Bref, après quelques heures à faire trempette, nous avons rebroussé chemin et nous nous sommes ensuite étalés sur une pelouse en bord de rivière pour sécher, le temps de voir une petite biche venir s'abreuver et de s'adonner à la douce passion des ricochets :) La nuit suivante fut nettement moins rude que la précédente, l'altitude étant nettement inférieure, le froid ne fut pas le même et la nuit fut donc fortement réparatrice.
Le dernier jour fut principalement composé du voyage retour et de ses trop nombreuses heures de route en direction de Los Angeles, mais nous avons tout de même pu effectuer une petite randonnée plus au sec dans le Parc. Nous avions choisi une randonnée courte nommée Angels Landing. Cette randonnée était déconseillée aux personnes sujettes au vertige.. et effectivement, c'est à déconseiller... mais à toute personne en fait ! C'est juste n'importe quoi de faire cette randonnée sans une sécurité supplémentaire... Donc globalement, la première partie de la randonnée est très agréable, attaquant les falaises suivant un chemin relativement pentu mais parfaitement sur. Et au bout d'un moment, et d'une certaine altitude atteinte, on voit se dérober le chemin de chaque coté de celui-ci.
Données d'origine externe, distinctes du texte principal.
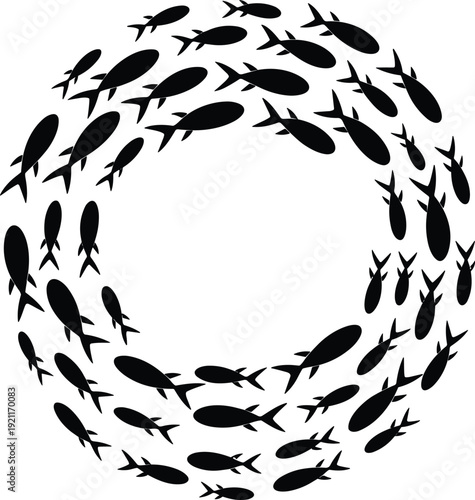Circular school of fish silhouettes collection, marine underwater animals swimming in round formation isolated on white background illustration set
Une falaise à pic s'étale de chaque coté du chemin qui est lui-même de seulement quelques mètres de large, voire moins... Nous avons suivi ce chemin pendant quelques dizaines de mètres puis je fus rattrapé par ma conscience que j'aime la vie et que donc, rebrousser chemin était la solution la plus sure pour pouvoir continuer à l'aimer. Soyons clairs, un pas de travers, et hop c'est fini. Alors certes, on me dira, y'a des dizaines et des dizaines de gens qui passent ici chaque jour, donc bon, y'a pas de raison. Oui.. sauf qu'il y a aussi des gens qui tombent... Certes pas beaucoup si on fait les statistiques et finalement être en voiture est peut-être plus dangereux qu'arpenter cette piste. Oui mais bon. Je ne comprendrai jamais l'inconscience des gens qui se baladent sur ces pistes sans souci... J'imagine bien que la vue au bout de cette piste est absolument extraordinaire, mais je ne pense pas qu'elle mérite de risquer autant. Bref, nous avons pris le chemin du retour avec un peu d'avance sur le programme, mais je ne regrette pas.
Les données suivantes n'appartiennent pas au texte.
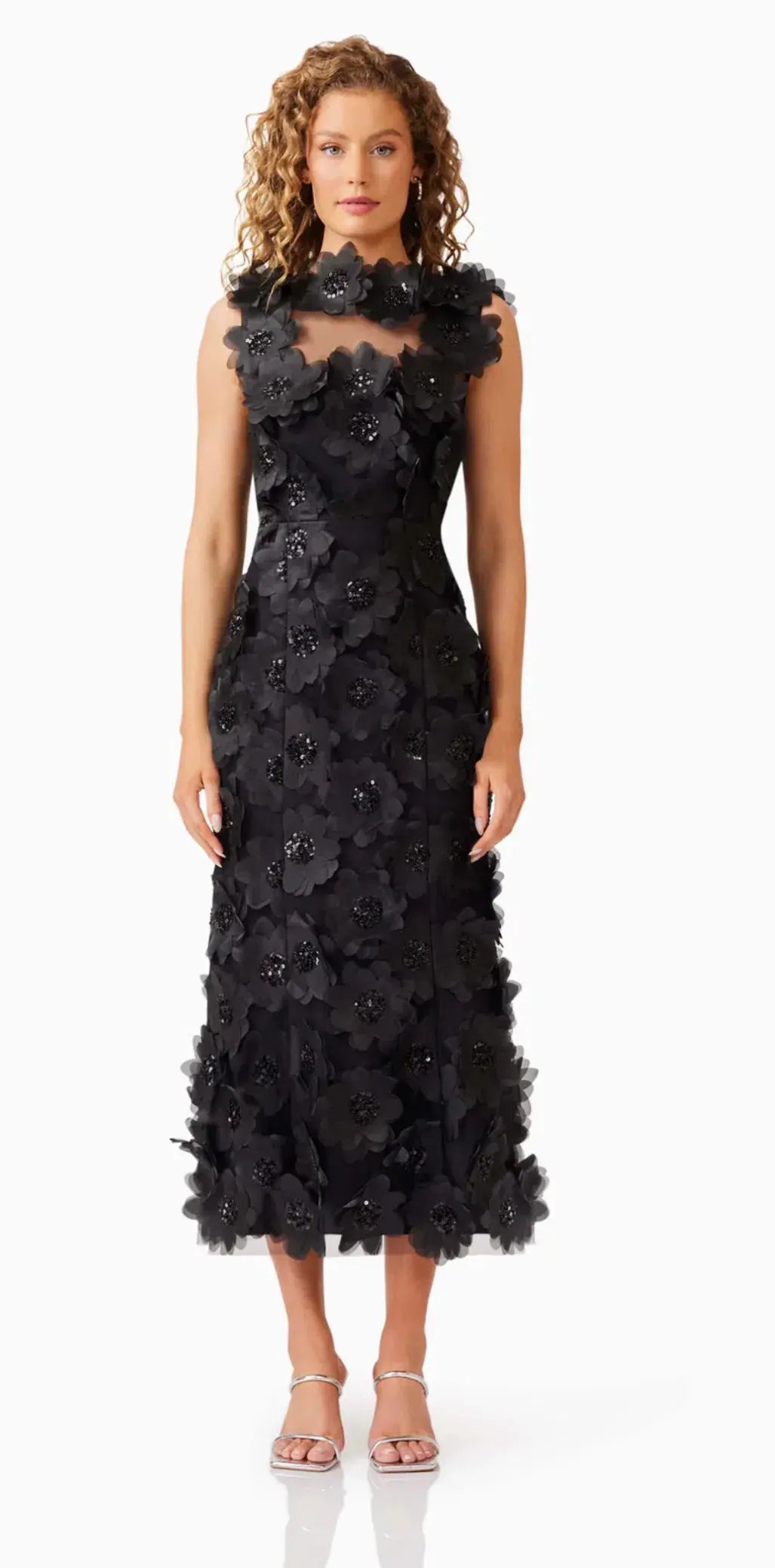 Elliatt Cherry Blossom Midi Beaded Black Size 10 photo 2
9 heures de route plus tard, nous étions donc de retour à LA et après 5 ou 6 petites heures de sommeil, un avion me ramenait à San Francisco. Le lendemain, un autre m'emmenait à Paris, via Philadelphie, mais ça c'est une autre histoire ;)

















lundi 28 juin 2010

Parade et portraits

Le week-end dernier s'est déroulé la gaypride, phénomène mondialement répandu et qui a acquis ses lettres de noblesse (si l'on peut dire ainsi) avec celle de San Francisco, ville acquise à la cause homosexuelle. Cet événement tout particulier ici avait donc lieu ce dimanche et consistait en une parade de gens plus ou moins impliqués dans cette cause.
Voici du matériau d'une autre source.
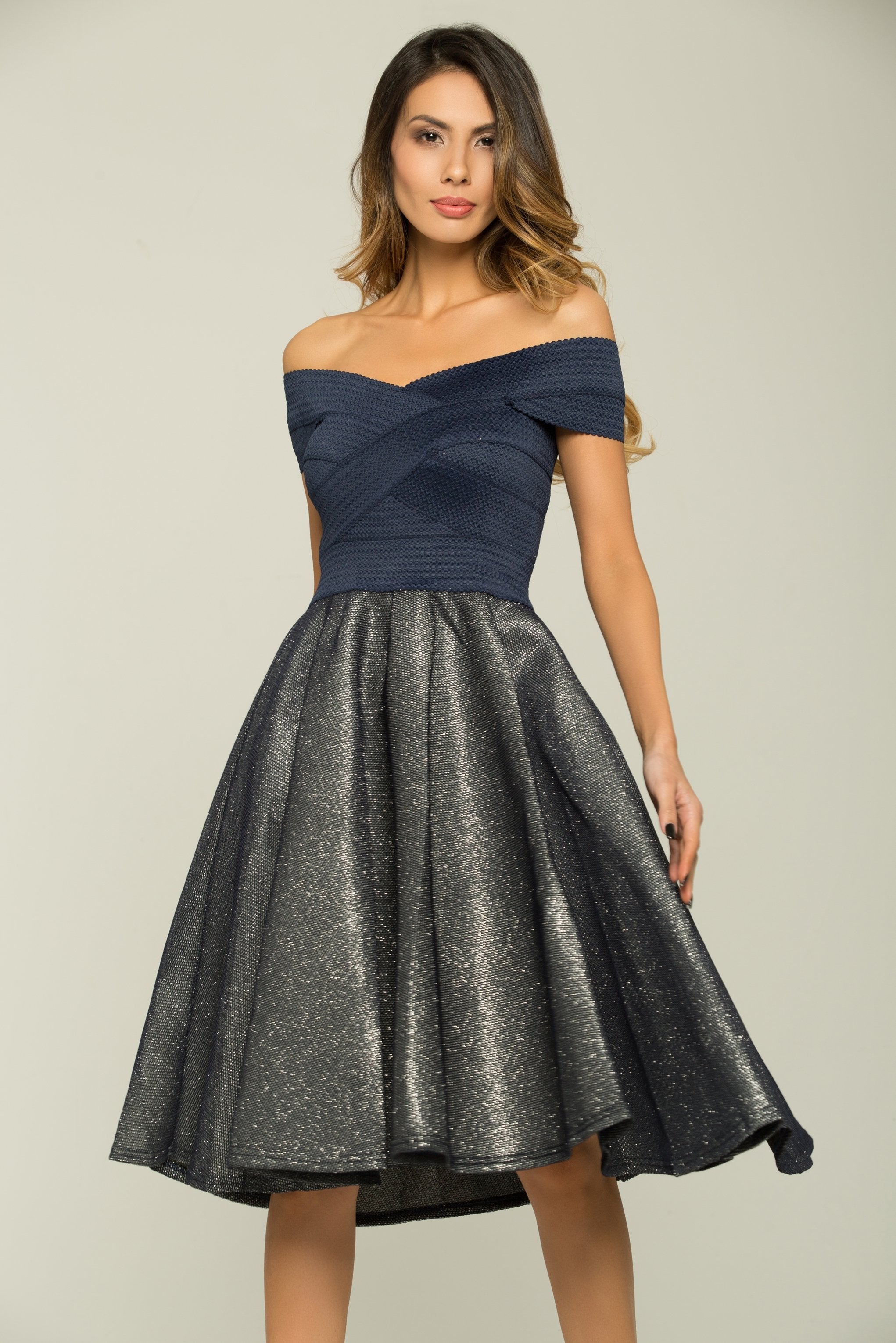 Navy Blue Criss Cross and Grey Shimmer Midi Dress - ownthelooks-Development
Alors pourquoi je dis plus ou moins ? Tout simplement parce qu'un certain nombre de "chars" présentait une consonnance marketing relativement poussée. Du concessionnaire de voitures à l'assurance maladie en passant la boisson énergétique, un certain nombre de marques étaient ainsi représentées. Bon, on peut dire qu'ils soutiennent cette cause et l'ouverture d'esprit.. moué... ça donne surtout l'impression qu'ils ont envie de se faire de la promo facilement avec une parade qui n'a strictement rien à voir. Bref, je ne suis pas là pour m'insurger contre cet amalgame, ce n'est pas le propos de ce blog.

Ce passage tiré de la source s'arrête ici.